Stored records
:::::

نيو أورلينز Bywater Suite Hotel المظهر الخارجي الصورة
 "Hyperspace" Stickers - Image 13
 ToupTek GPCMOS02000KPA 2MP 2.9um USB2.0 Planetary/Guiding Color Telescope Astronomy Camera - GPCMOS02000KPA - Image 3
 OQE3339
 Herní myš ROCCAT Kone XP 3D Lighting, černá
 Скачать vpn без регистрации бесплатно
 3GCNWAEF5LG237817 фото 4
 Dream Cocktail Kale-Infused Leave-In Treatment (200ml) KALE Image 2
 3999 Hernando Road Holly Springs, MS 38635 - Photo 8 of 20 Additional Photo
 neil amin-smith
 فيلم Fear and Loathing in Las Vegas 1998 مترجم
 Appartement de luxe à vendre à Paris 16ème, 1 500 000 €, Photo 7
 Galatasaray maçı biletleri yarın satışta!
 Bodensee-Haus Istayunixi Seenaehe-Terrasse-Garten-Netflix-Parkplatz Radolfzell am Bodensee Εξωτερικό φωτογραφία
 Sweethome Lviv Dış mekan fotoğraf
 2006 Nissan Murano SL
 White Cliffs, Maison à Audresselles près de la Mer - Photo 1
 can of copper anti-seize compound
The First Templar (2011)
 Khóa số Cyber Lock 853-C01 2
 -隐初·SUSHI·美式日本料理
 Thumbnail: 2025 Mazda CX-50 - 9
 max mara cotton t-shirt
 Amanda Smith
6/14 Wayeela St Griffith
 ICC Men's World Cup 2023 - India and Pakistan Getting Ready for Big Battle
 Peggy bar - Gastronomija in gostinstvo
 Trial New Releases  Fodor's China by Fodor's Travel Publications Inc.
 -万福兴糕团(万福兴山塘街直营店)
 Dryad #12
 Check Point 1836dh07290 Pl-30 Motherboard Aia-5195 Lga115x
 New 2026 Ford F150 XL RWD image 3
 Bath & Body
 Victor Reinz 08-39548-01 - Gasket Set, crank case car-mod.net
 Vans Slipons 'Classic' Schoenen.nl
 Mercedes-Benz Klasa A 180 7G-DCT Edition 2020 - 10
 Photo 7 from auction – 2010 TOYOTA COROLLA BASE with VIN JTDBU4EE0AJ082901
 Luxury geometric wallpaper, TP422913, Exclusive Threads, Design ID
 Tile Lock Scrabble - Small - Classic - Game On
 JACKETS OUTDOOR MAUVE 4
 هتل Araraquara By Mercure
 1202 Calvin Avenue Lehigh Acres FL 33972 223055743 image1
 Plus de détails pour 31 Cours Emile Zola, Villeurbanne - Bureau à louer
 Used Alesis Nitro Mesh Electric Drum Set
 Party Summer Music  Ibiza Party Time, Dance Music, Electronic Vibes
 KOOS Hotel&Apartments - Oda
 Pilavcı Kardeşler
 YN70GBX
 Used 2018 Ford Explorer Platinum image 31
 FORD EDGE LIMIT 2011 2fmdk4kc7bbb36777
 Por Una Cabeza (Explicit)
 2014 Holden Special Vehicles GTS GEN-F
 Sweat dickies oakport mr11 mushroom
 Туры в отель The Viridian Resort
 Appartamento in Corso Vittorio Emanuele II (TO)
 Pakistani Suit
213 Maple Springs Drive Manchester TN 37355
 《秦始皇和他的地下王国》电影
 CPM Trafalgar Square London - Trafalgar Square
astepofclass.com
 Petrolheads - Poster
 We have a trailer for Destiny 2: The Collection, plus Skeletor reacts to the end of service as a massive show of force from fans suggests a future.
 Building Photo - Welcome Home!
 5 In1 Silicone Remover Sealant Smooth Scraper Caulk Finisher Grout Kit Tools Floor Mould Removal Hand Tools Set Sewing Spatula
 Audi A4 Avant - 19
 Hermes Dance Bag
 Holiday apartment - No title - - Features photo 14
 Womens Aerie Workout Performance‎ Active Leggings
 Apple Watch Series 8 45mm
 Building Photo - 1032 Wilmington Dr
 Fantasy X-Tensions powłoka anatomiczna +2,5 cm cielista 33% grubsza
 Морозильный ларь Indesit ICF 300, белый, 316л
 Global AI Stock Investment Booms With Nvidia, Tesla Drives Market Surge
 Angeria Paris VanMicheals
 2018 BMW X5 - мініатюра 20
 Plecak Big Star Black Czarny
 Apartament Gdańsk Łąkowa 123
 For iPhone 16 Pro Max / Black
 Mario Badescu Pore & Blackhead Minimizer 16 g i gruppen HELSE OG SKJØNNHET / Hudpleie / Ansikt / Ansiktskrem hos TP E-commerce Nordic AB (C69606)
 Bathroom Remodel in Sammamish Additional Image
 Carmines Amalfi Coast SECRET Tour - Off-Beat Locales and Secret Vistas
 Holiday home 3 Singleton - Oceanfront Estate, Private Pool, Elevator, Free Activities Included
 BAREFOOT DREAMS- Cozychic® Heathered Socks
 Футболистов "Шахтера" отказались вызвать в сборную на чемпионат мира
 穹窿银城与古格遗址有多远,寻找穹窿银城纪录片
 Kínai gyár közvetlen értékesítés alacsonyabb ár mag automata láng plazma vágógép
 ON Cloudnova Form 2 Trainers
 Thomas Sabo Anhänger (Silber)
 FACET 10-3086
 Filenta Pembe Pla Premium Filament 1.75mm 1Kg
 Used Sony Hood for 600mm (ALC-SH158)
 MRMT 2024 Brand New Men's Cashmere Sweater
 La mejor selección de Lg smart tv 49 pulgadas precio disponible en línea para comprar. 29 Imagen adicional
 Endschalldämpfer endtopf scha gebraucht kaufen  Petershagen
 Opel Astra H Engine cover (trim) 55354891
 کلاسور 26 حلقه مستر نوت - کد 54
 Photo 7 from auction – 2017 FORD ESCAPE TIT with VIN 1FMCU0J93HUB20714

:::::

Quote, with nothing altered, all lines from the start of the entries to the line that carries "Peggy bar - Gastronomija in gostinstvo", inclusive.

= ANSWER =
نيو أورلينز Bywater Suite Hotel المظهر الخارجي الصورة
 "Hyperspace" Stickers - Image 13
 ToupTek GPCMOS02000KPA 2MP 2.9um USB2.0 Planetary/Guiding Color Telescope Astronomy Camera - GPCMOS02000KPA - Image 3
 OQE3339
 Herní myš ROCCAT Kone XP 3D Lighting, černá
 Скачать vpn без регистрации бесплатно
 3GCNWAEF5LG237817 фото 4
 Dream Cocktail Kale-Infused Leave-In Treatment (200ml) KALE Image 2
 3999 Hernando Road Holly Springs, MS 38635 - Photo 8 of 20 Additional Photo
 neil amin-smith
 فيلم Fear and Loathing in Las Vegas 1998 مترجم
 Appartement de luxe à vendre à Paris 16ème, 1 500 000 €, Photo 7
 Galatasaray maçı biletleri yarın satışta!
 Bodensee-Haus Istayunixi Seenaehe-Terrasse-Garten-Netflix-Parkplatz Radolfzell am Bodensee Εξωτερικό φωτογραφία
 Sweethome Lviv Dış mekan fotoğraf
 2006 Nissan Murano SL
 White Cliffs, Maison à Audresselles près de la Mer - Photo 1
 can of copper anti-seize compound
The First Templar (2011)
 Khóa số Cyber Lock 853-C01 2
 -隐初·SUSHI·美式日本料理
 Thumbnail: 2025 Mazda CX-50 - 9
 max mara cotton t-shirt
 Amanda Smith
6/14 Wayeela St Griffith
 ICC Men's World Cup 2023 - India and Pakistan Getting Ready for Big Battle
 Peggy bar - Gastronomija in gostinstvo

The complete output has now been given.